Please refer to 0_train/2_supGNN/README.md to complete training Here is remain steps for inference
Using both ./sharechat_recsys2023_data/train
and ./sharechat_recsys2023_data/test
folders, we create ./supGNN_graph_data/full_edges.csv.gz
which will be used for supGNN inference later.
python3 1_inference/2_supGNN/convert_full_tabular_data_to_edge_list.py
Convert full graph into full CSVDataset (for GNN inference)

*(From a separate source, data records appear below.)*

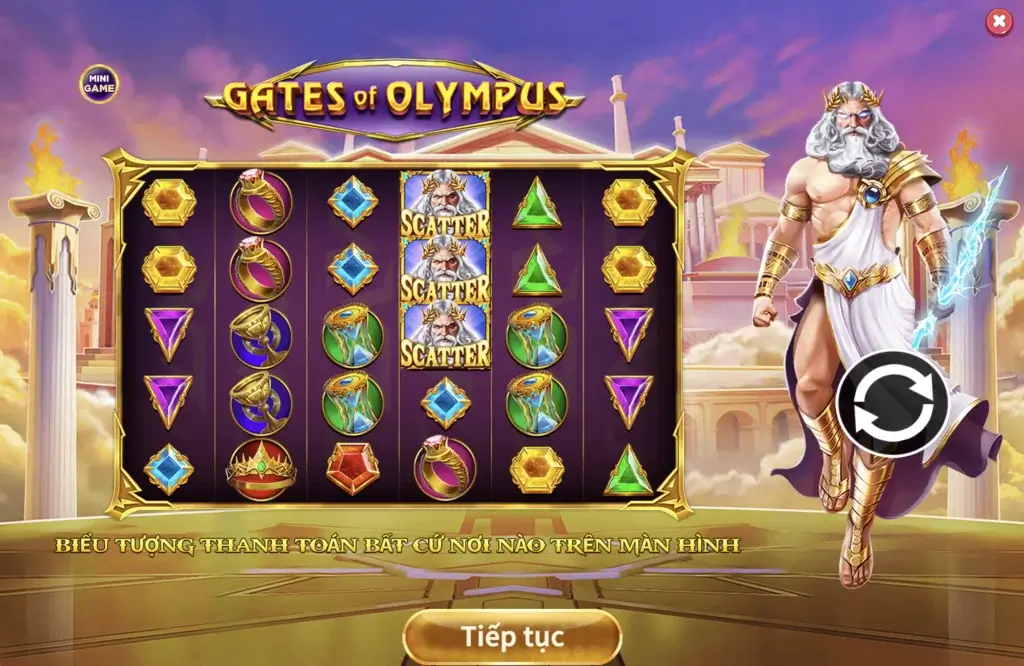 Màn hình chơi slot Gates of Olympus tại LC79 với thần Zeus và các biểu tượng đá quý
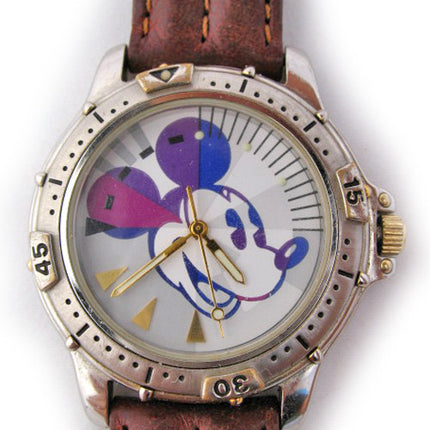 VINTAGE DISNEY Store MICKEY MOUSE Silver Gold Tone Mens Wristwatch WATCH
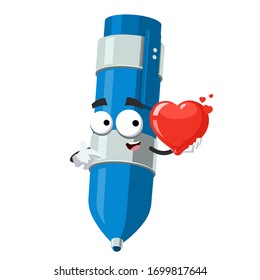 cartoon blue ballpoint pen character mascot keeps the heart on white background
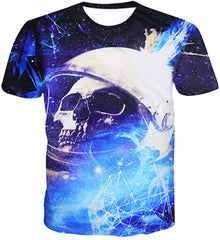 Men Casual Shirts Sexy Women Printing 3D T Shirt Galaxy Skull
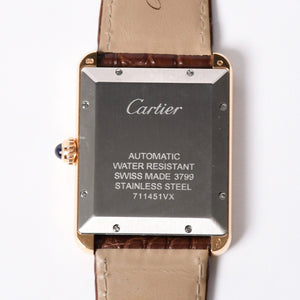 極美品 CARTIER カルティエ TANK SOLO XL タンクソロ XL 腕時計 W5200026 重量61.63g K18PG 自動巻 Au750刻印 白文字盤 中古 4a001801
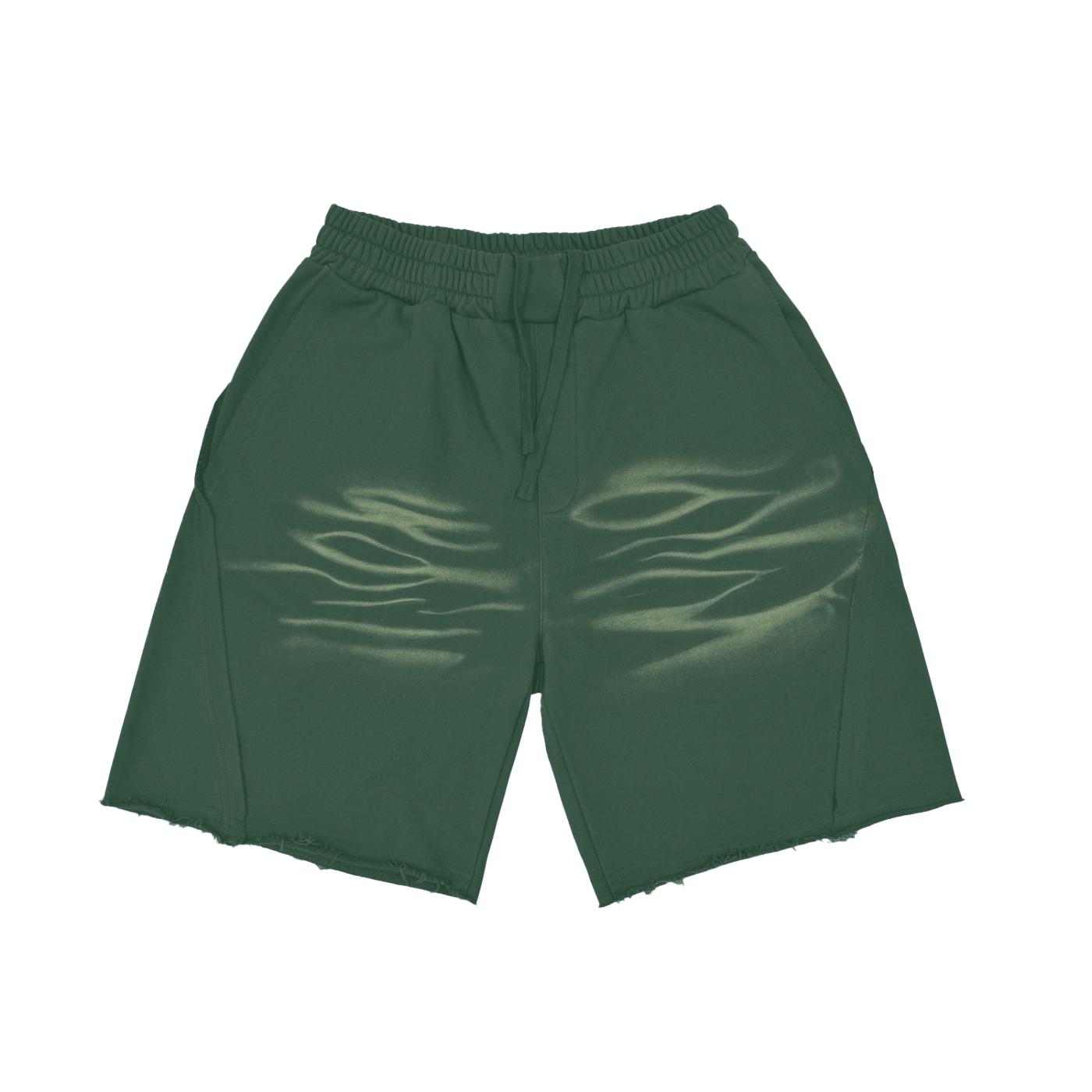 Vintage Washed Flames Pattern Cotton Shorts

python3 1_inference/2_supGNN/convert_full_edge_list_to_CSVDataset.py
Please see newly created files inside ./data/supGNN_graph_data/full_graph/recsys_graph
folder.
Run inference on full graph using saved GNN model
python3 1_inference/2_supGNN/infer_supervised_graphsage.py
python3 1_inference/2_supGNN/map_node_emb_to_edge_list.py
this script will map GNN-generated node embeddings to their respective edges and save GNN-boosted features for train and test split separately.
Merge test supGNN data with test FE data
python3 1_inference/2_supGNN/merge_test_FE_and_test_supgnn_data.py
Infer XGB on merged test data
python3 1_inference/2_supGNN/infer_xgb.py
Finally, we get ./data/supGNN_graph_data/test_graph/submission.csv
as our final submission file which we upload to the leaderboard for evaluation on test set.